Mardi 10 novembre à l’Aéronef de Lille, un groupe d’Anversois, t-shirts noirs à l’effigie du Moz, semblait donc un peu inquiet. Les Flamands avaient vu un Morrissey peu en forme la veille devant 1500 personnes à Nimègue aux Pays-Bas, pour la première date du « Swords Tour 2009 » sur le Vieux Continent. « Il était tendu, crispé, comme s’il avait peur. Et puis il glissait sur un parquet peu approprié, sa gestuelle si particulière s’en ressentait… Quant à l’acoustique de la salle, c’était horrible. »

Une heure et vingt minutes plus tard, au terme de 18 titres puis un unique rappel (Skull), les mêmes Belges souriaient aux anges. Un couple d’une cinquantaine d’années s’extasiait : « On l’a retrouvé ! Il était cool, souriant, radieux. Hier il devait vraiment être encore sous le choc de Liverpool ; et puis ici à l’Aéronef le son nous a semblé parfait comparé à Nimègue. »

De fait, même si l’acoustique accentue parfois les stridences métalliques, le jugement des spectateurs quittant lentement la salle lilloise semblait unanime : un bon concert venait de relancer la tournée d’automne de l’ex « lead singer » des Smiths.

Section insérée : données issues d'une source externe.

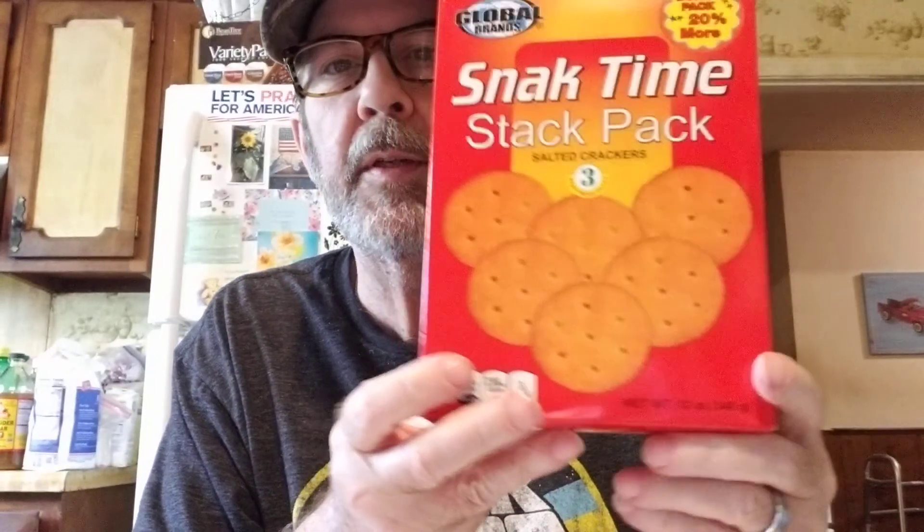I wanted some of these instant lunches — they're pretty good. And she wanted some of these strawberry sensation fruit roll-ups. I needed some Ritz crackers; I forgot to get them at the store. This one is a bonus pack, 20 more — I don't know, we'll see if it's like Ritz, I guess. And I got this for my garden — morning glory seeds. They only had flowers left, no vegetable seed. I got four of them, four for a dollar.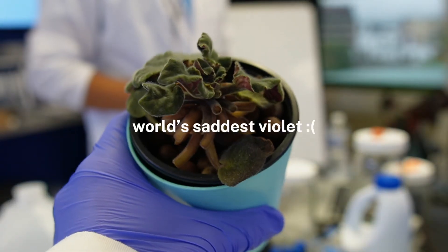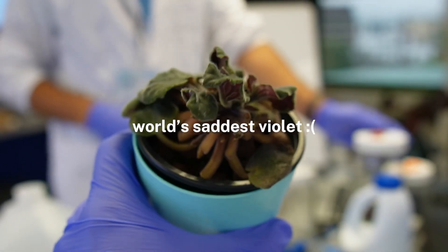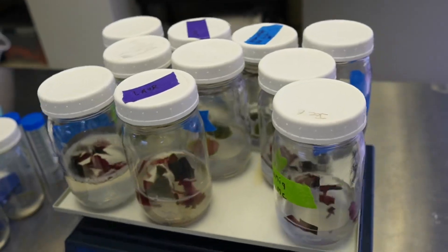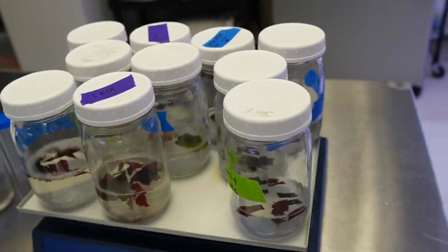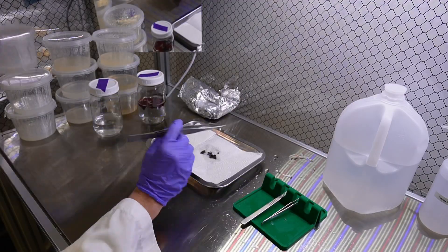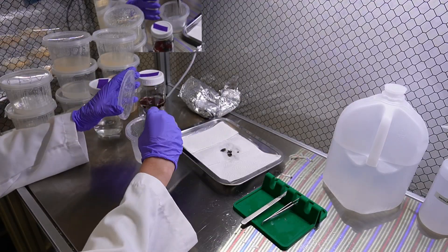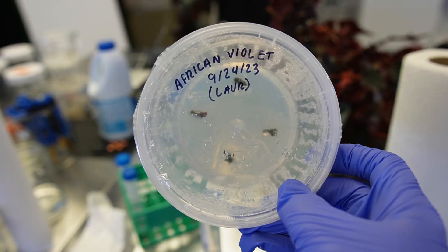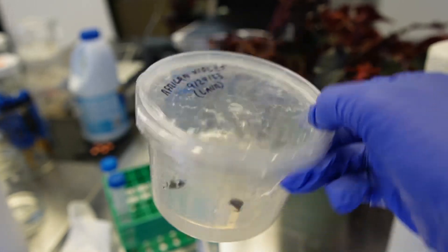On day two of class, we did a ton of explant sterilization and establishing plants in tissue culture using the media that we had prepared the previous day. We started with African violets because they are typically the easiest plants to tissue culture, and that's actually what I started with on my channel about a year ago when I was first trying tissue culture.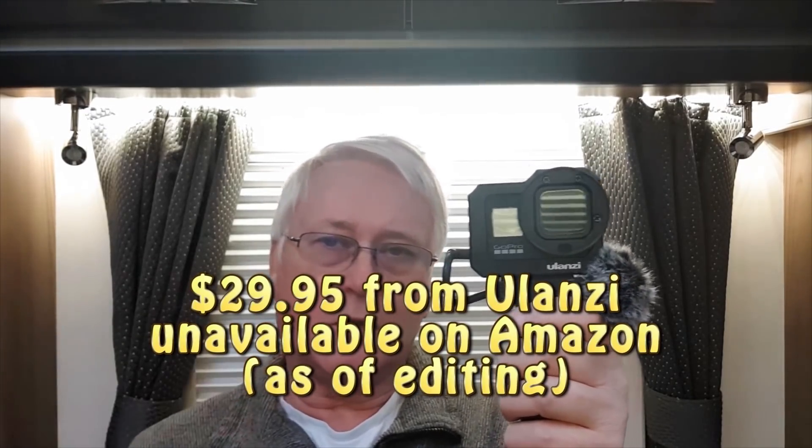Another advantage is it's cheaper than the GoPro media mod, which is coming out soon — especially if you've already got this mic adapter from a previous GoPro. The media mod is about £79 and comes with a mic adapter and a directional mic. This arrangement is about $28 to $29 — there are links down below. So this is an awful lot cheaper than the GoPro's media mod.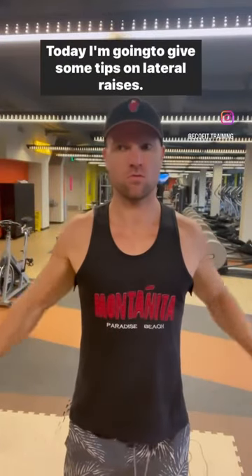Hello, EcoFit team. Today, I'm going to give some tips on lateral raises, but before I do that,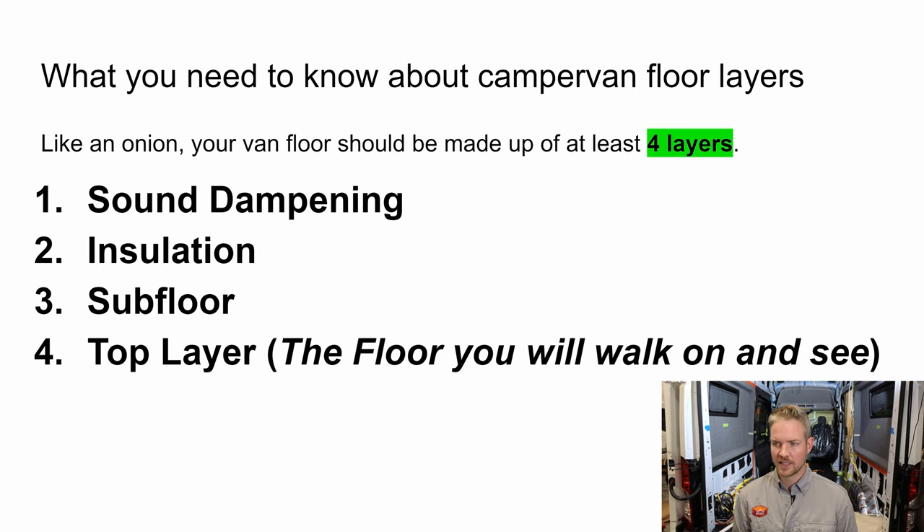Let's talk about what you need to know about camper van floor layers. In my opinion, each layer has a job to do. The first is sound dampening — DIYers sometimes skip this, and that's okay, it's more of a nice-to-have. But you definitely want insulation, a strong subfloor, and finally the top layer. We're going to break out each one and explain what they do and how you'll use them in your van.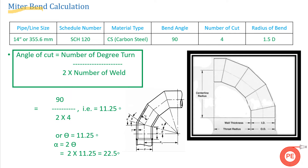Now let's look at a sample calculation you can use at your fabrication site. We've taken the example of a 14-inch pipe, schedule 120, carbon steel material, with a band angle of 90 degrees, 4 number of cuts, and a radius of bend of 1.5D. Before starting fabrication of a mitre band, you must know the bend angle (e.g., 45° or 90°), the number of cuts required, and whether it is a long-radius or short-radius bend.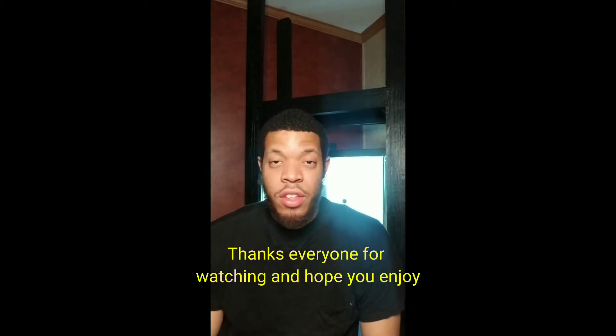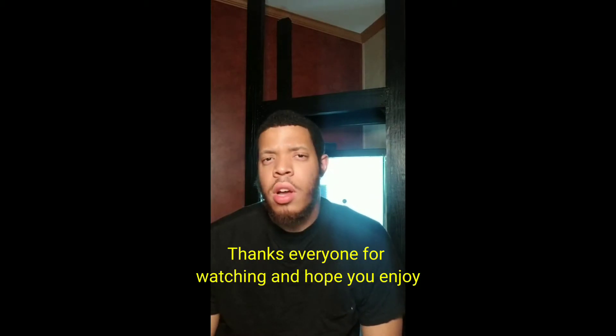Hello everyone, it's CJ here again and welcome back. I just want to thank everyone. This is an intro video to thank all of my new subscribers and all of my previous subscribers. We are on the road to 50 right now. Hopefully we can get to 50 and keep pushing forward. At 50 I might do something special, you never know, so we'll see.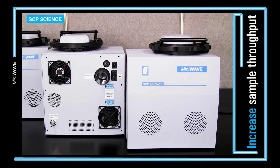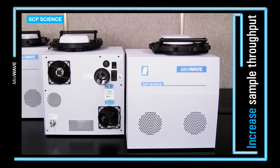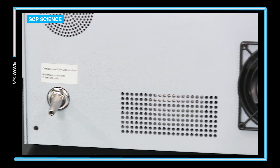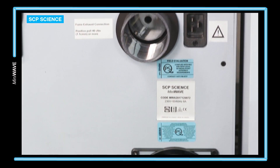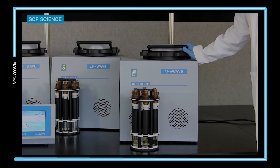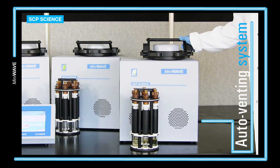Cooling samples is fast and easy via the compressed air connection. The cooling air is turned on automatically after the digestion is complete. The exhaust fan runs at two speeds: slow during the digestion and at full speed during the cooling step.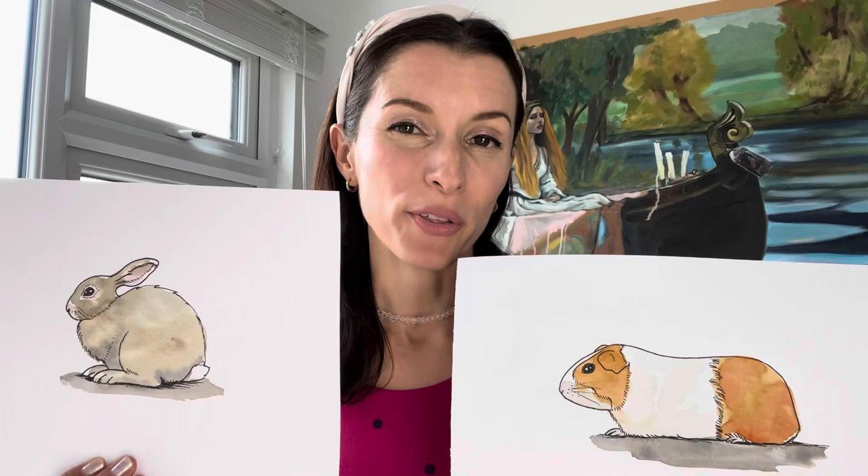So today I want to know if you're team bunny or team guinea pig, because we're going to be drawing both of them, so get your paints and pens out now.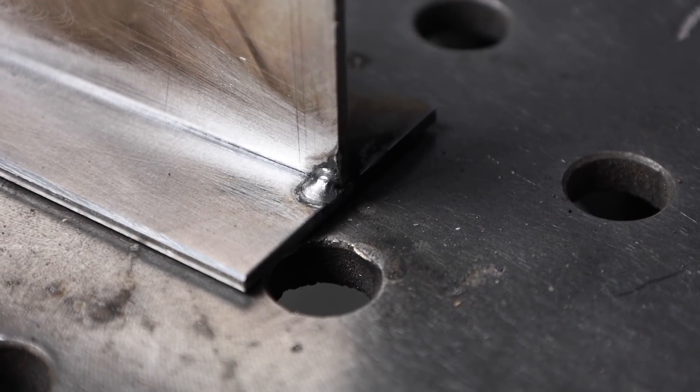What makes a good tack weld? We need to understand that to know which rod to pick. The first thing is you don't want your tack to be too large, because a lot of times you're going to weld over it or grind it down a little bit. So it's good if you can keep it small, but at the same time it's important to have something that's strong. The way to have a strong weld that's not too large is to use an electrode that penetrates in and digs in deep.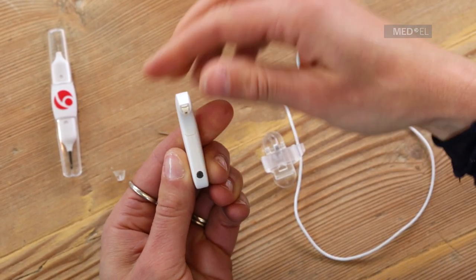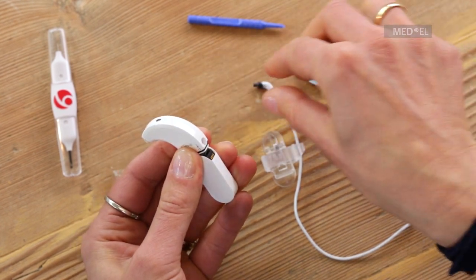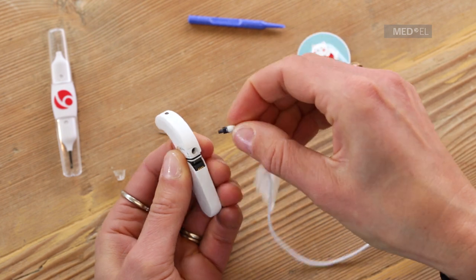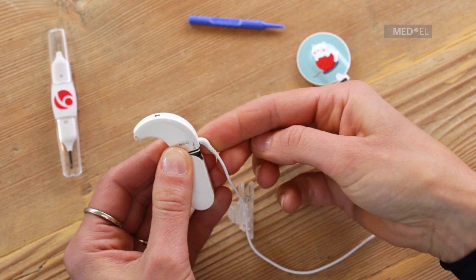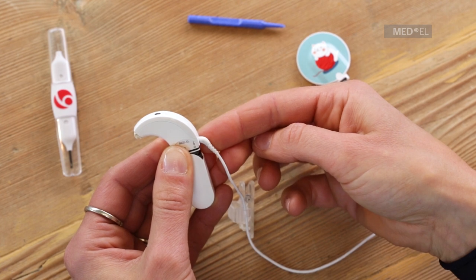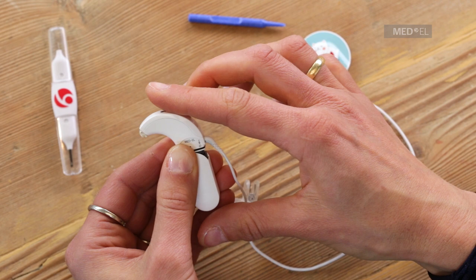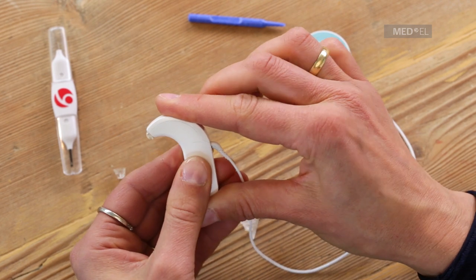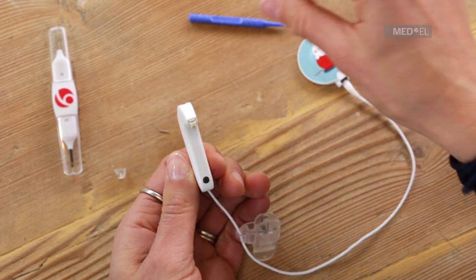Then slide the battery pack cover off slightly. Plug the cable into the side of the control unit, noting the correct orientation of the coil cable socket and being careful not to use too much force. To secure the cable, slide the battery cover back into position and lock into place.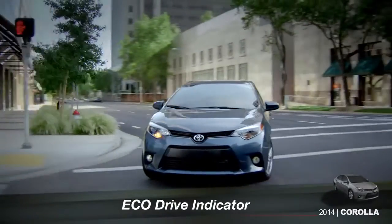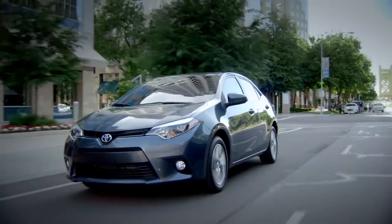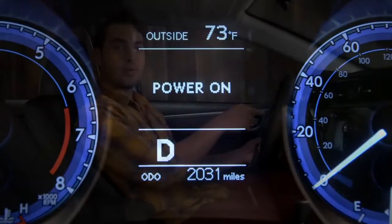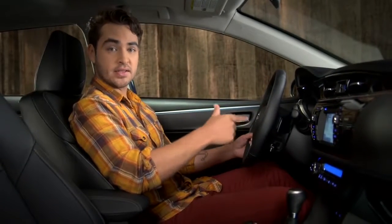The Eco Indicator can help you get more miles out of each tank of gas by coaching you to drive more efficiently. If you don't see it in the multi-information display, press the Display or Disp button on the steering wheel repeatedly until you do.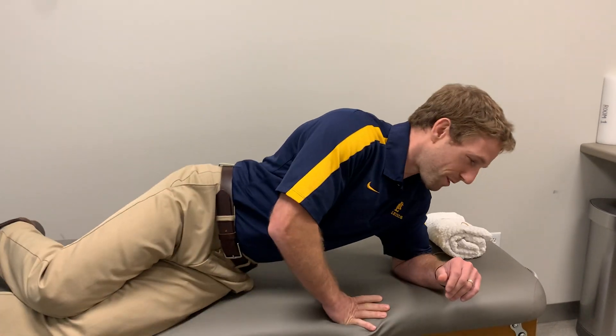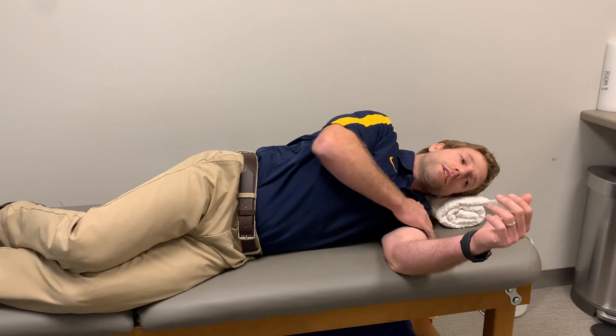This is a neck stability exercise performed laying on your side. I usually use folded up towels and I want the head to be in somewhat of a neutral position. To get the shoulder out of the way, I take that arm in front, and the other hand can rest on top of it or rest on the hip.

Les vrais fans pouvaient alors rejoindre la rue Royale, pour l’After. Parmi eux, Nick et Edwin, deux Anglais découvrant Lille depuis la veille. Dans la cave de l’Autrement Dit, les deux potes descendus de Stonehenge reprenaient en chœur les chansons. « C’est le cinquième concert que nous voyons cette année. Et l’un des meilleurs ; il adore ce genre de petite salle où le public répond bien », racontait Nick, un tout jeune papa qui n’hésite pas à délaisser ses triplés ( !) pour suivre Morrissey… Edwin, t-shirt noir « Je suis Morrissey », chaine tatouée au bras, avouait pourtant une plus grande passion encore pour Paul Weller, l’ex-Jam, méconnu à son avis. Dans la cave, les refrains symboliques s’enchaînaient, des Smiths, de Morrissey, ou d’autres groupes de Manchester. On chantait à tue-tête « I’m the last of the famous international play-boy », et un sosie de Morrissey (parmi d’autres) entraînait dans la danse une brune moulée dans une robe noire, bras gauche entièrement tatoué d’une végétation exotique et rougeoyante. Morrissey aurait apprécié.